Público - 27 Nov 04

Instabilidade dos Pais Causa Depressão das Crianças
Por ALEXANDRA BARATA

Um estudo realizado na Unidade de Primeira Infância (UPI) do Hospital de D. Estefânia, em Lisboa, com 20 crianças com menos de três anos às quais foi diagnosticada depressão, concluiu que, em 75 por cento dos casos, a mãe também está deprimida e em 65 por cento há desemprego no meio familiar.

A análise das perturbações do meio/parentalidade permitiu ainda apurar que em 40 por cento há conflitos em casa ou separações, em 35 por cento antecedentes maternos de maus tratos ou negligência e em 25 por cento problemas de toxicodependência ou alcoolismo.

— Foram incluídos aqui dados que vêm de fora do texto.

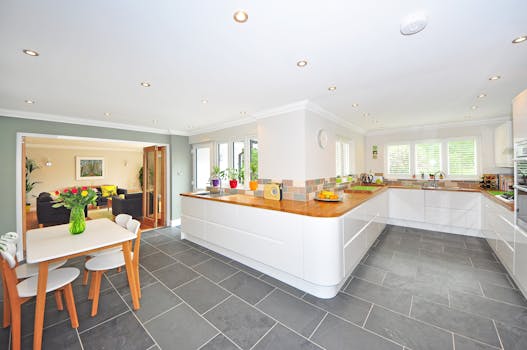 pexels-photo-280232-280232 A spacious modern kitchen with elegant interiors featuring a dining table and luxurious design.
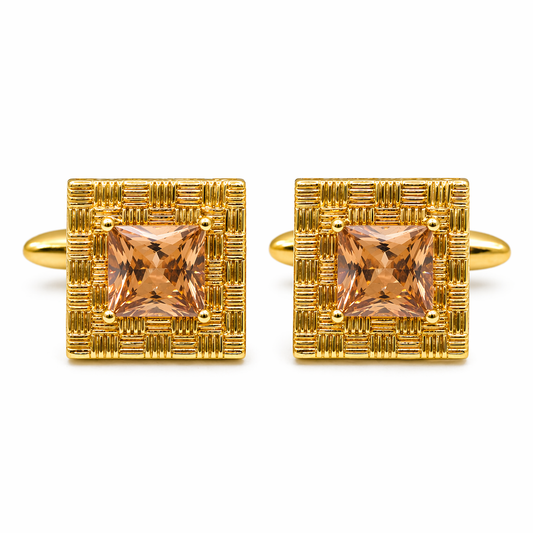 Gold cufflinks with square gemstones on a white background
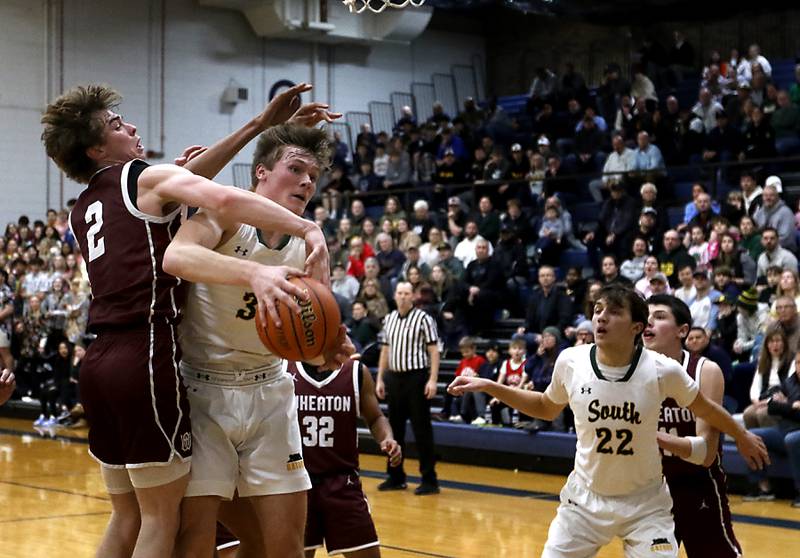 Crystal Lake South's Colton Hess tries to grab a rebound in front of Wheaton Academy's Tyler Smith during the IHSA Class 3A Cary-Grove Boys Basketball Regional Championship game on Friday, Feb. 23, 2024 at Cary-Grove High School.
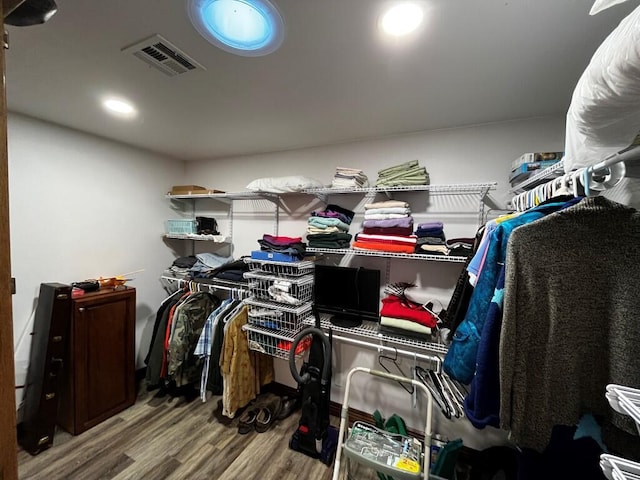 spacious closet with visible vents and wood finished floors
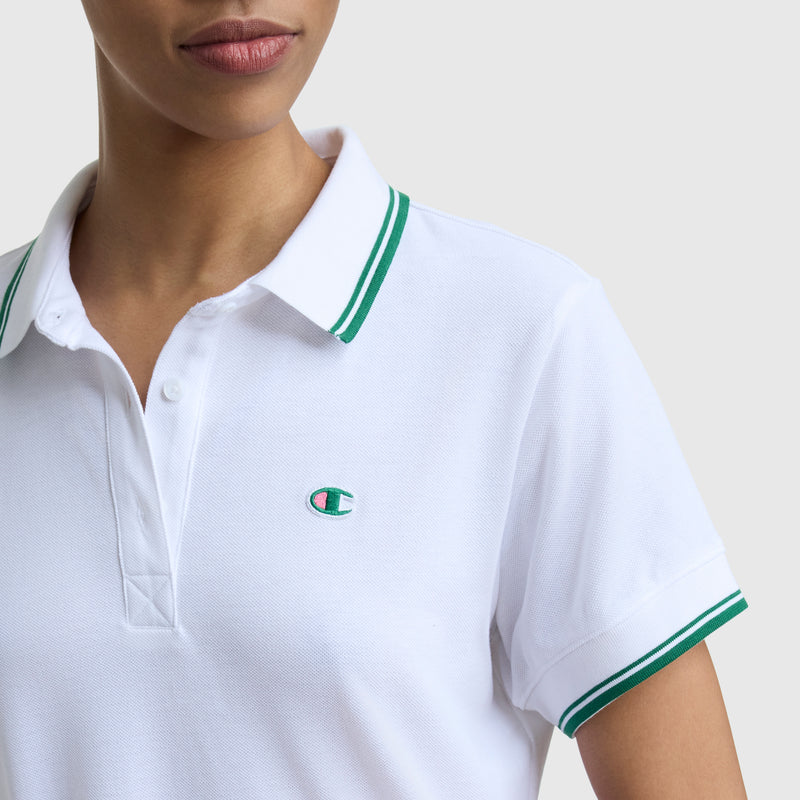 A person wears the Champion Off The Court Polo Dress featuring a green-striped collar and sleeves, lightweight piqué fabric, and a small green and blue C logo embroidered on the chest. The background is plain light gray.
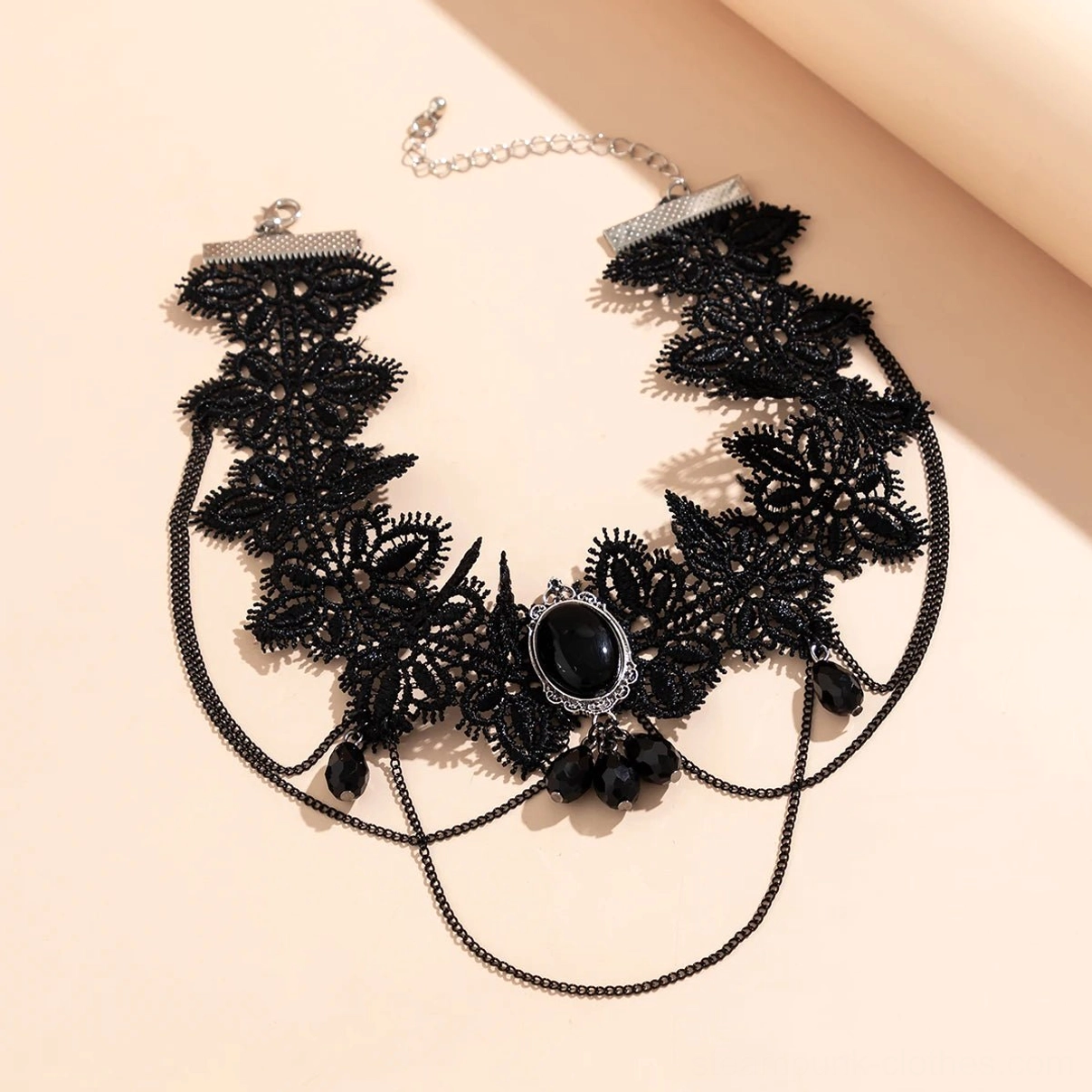 Flat lay product shot of black lace choker showing full length, central black gem, adjustable chain clasp system, and teardrop pendant accents on neutral background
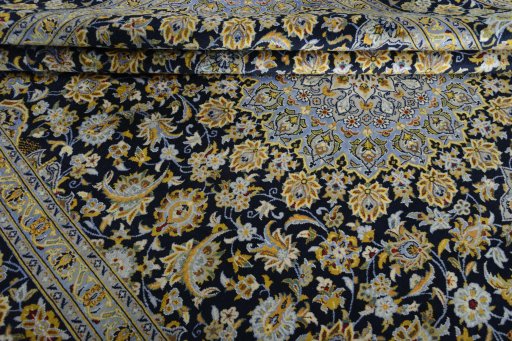 Close-up detail of 2000s Kashan rug from Iran / Persia showing Wool weave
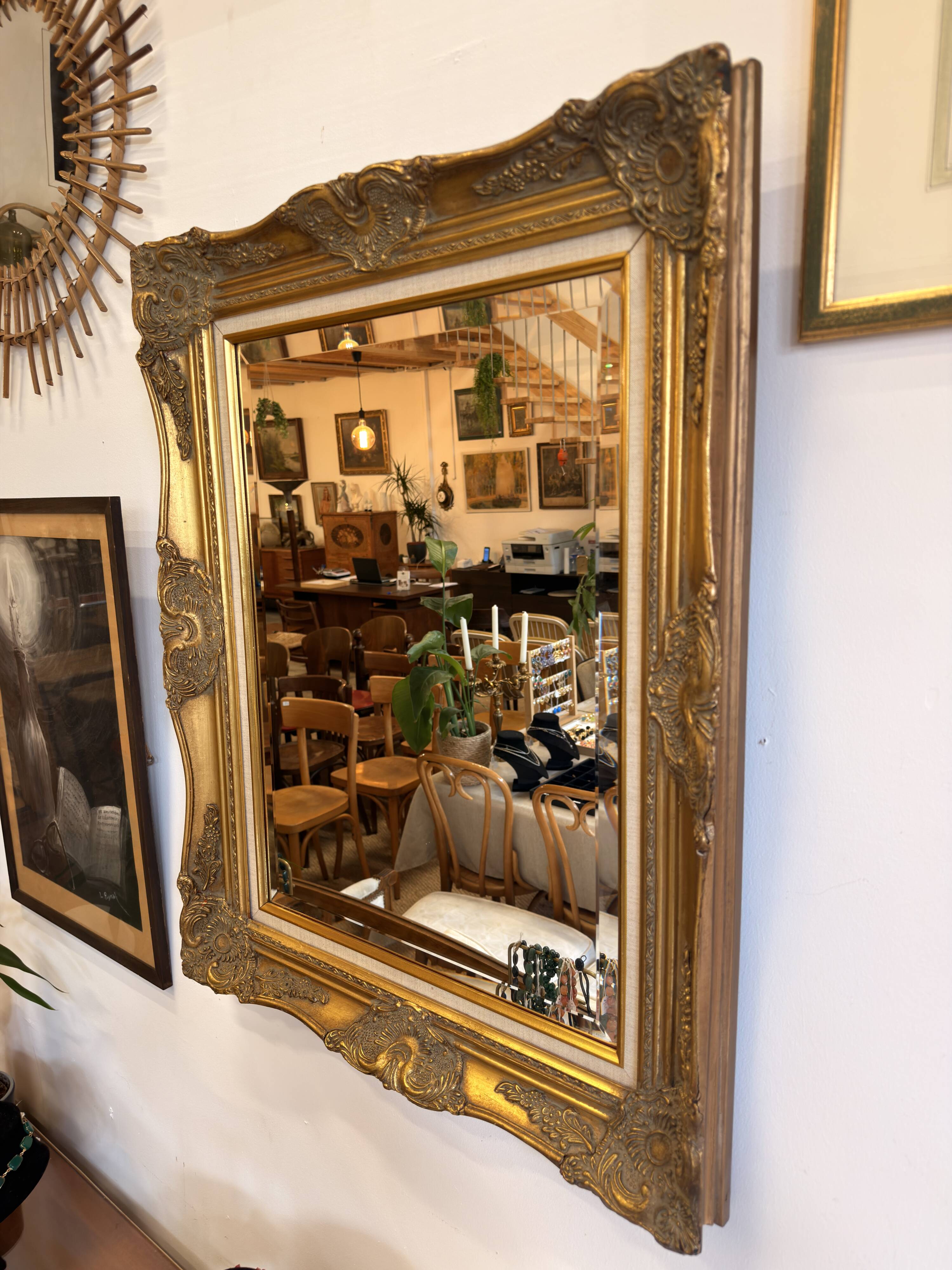 Golden wooden mirror in Louis XV style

O número de crianças com o diagnóstico de depressão tem vindo a aumentar nos últimos anos, tendência que se deverá manter no futuro, afirmou Marco Medeiros, pedopsiquiatra daquela unidade, à margem das XII Jornadas de Pediatria de Leiria e Caldas da Rainha, que terminaram ontem em Leiria. O pedopsiquiatra justificou a depressão das crianças com o facto de estarem sujeitas à instabilidade dos pais, que estão preocupados com outros problemas e, consequentemente, pouco disponíveis para elas.

O clínico alertou ainda para o facto de aparecerem bebés na consulta que passam 12 horas no jardim-de-infância ou na ama, muitas vezes sem qualidade, pois os pais optam por escolher as soluções mais baratas e mais próximas de casa. Em consequência disso, as crianças acabam por não conseguir estabelecer um relação alternativa fora do meio familiar, que poderia contribuir para colmatar a "falha" que trazem de casa.

Para agravar a situação, Marco Medeiros revela que as crianças deprimidas habitualmente não despertam o interesse dos técnicos, pois mostram-se apáticas em relação ao que as rodeia e indiferentes em relação aos prestadores de cuidados.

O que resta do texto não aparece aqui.